Hardly. According to the Ninth Amendment: "The enumeration in the Constitution of certain rights shall not be construed to deny or disparage other rights retained by the people." In other words, there may well be constitutional rights that are not explicitly set forth in the Second Amendment (or in any other amendment or constitutional clause, for that matter). In identifying these unenumerated "rights retained by the people," the key is that a judge should not decide what he or she personally thinks would be a proper set of rights. Instead, the judge should ask which rights have been recognized by the American people themselves—for example, in state constitutions and state bills of rights and civil rights laws. Americans have also established, merely by living our lives freely across the country and over the centuries, certain customary rights that governments have generally respected. Many of our most basic rights are simply facts of life, the residue of a virtually unchallenged pattern and practice on the ground in domains where citizens act freely and governments lie low.

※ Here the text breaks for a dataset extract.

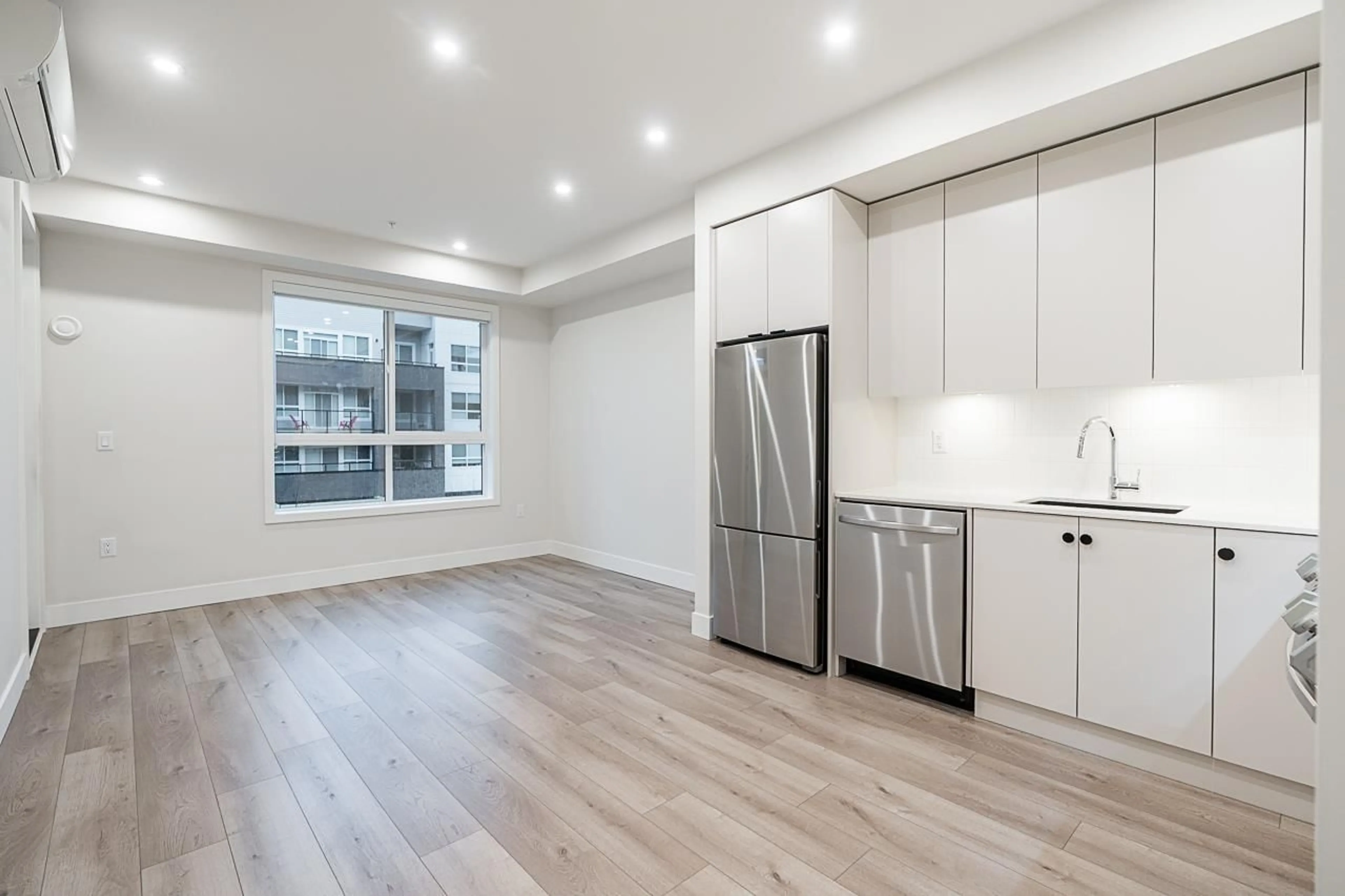 Open concept kitchen, unknown for 307 - 45511 CAMPUS DRIVE, Chilliwack British Columbia V2R6K8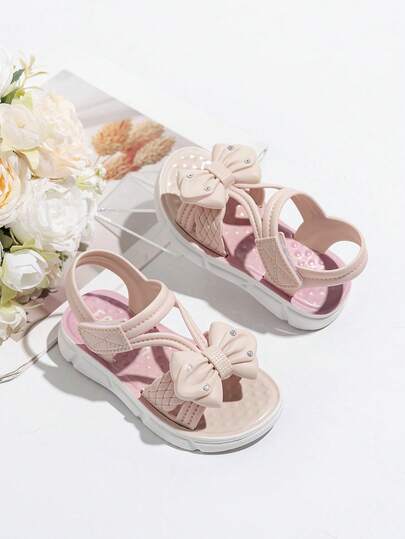 1双女童甜美蝴蝶结凉鞋，夏季非常受小女孩欢迎的鞋款。- 设计风格：整体采用柔和的粉色，鞋头饰有3D双蝴蝶结设计，并点缀着小水钻，甜美可爱的风格完美契合女孩的审美，适合搭配公主裙、夏日连衣裙和其他童装。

Consider, for example, the famous 1965 privacy case Griswold v. Connecticut. The state of Connecticut purported to criminalize the use of contraception, even by married couples, prompting the Supreme Court to strike down this extraordinarily intrusive state law as unconstitutional. Writing for the majority, Justice William Douglas claimed that a general right of privacy could be found in between the lines of the Bill of Rights. But Douglas did a poor job of proving his case. It's hard not to smirk when the First Amendment is used to protect the erotic urges of a man and a woman seeking to "assemble" on a bed. Writing separately in Griswold, the second Justice John Harlan, widely admired for his judicial care and craftsmanship, offered a more modest and less strained rationale: "Conclusive, in my view, is the utter novelty of [Connecticut's] enactment. Although the Federal Government and many States have at one time or another had on their books statutes forbidding the distribution of contraceptives, none, so far as I can find, has made the use of contraceptives a crime." Thus, the basic practice of the American people rendered Connecticut's oddball law presumptively unconstitutional. It is also highly noteworthy that today around a dozen state constitutions and countless statutes speak explicitly of a right to privacy—a right nowhere explicitly mentioned in the federal Constitution.
Now take Harlan's sensible approach to the unenumerated right of privacy and apply it to Dick Anthony Heller's claim that he has a right to have a gun in his D.C. home for self-defense. When we look at the actual pattern of lived rights in America—what the people have, in fact, done—we find lots of regulations of guns, but few outright prohibitions of guns in homes as sweeping as the D.C. ordinance. We also find a right to keep guns affirmed in a great many modern state constitutions, several of which use the phrase "bear arms" in ways that clearly go beyond the military context. Unlike founding-era documents, modern state constitutions routinely affirm a constitutional right to "bear arms" for hunting, recreation, and/or self-defense.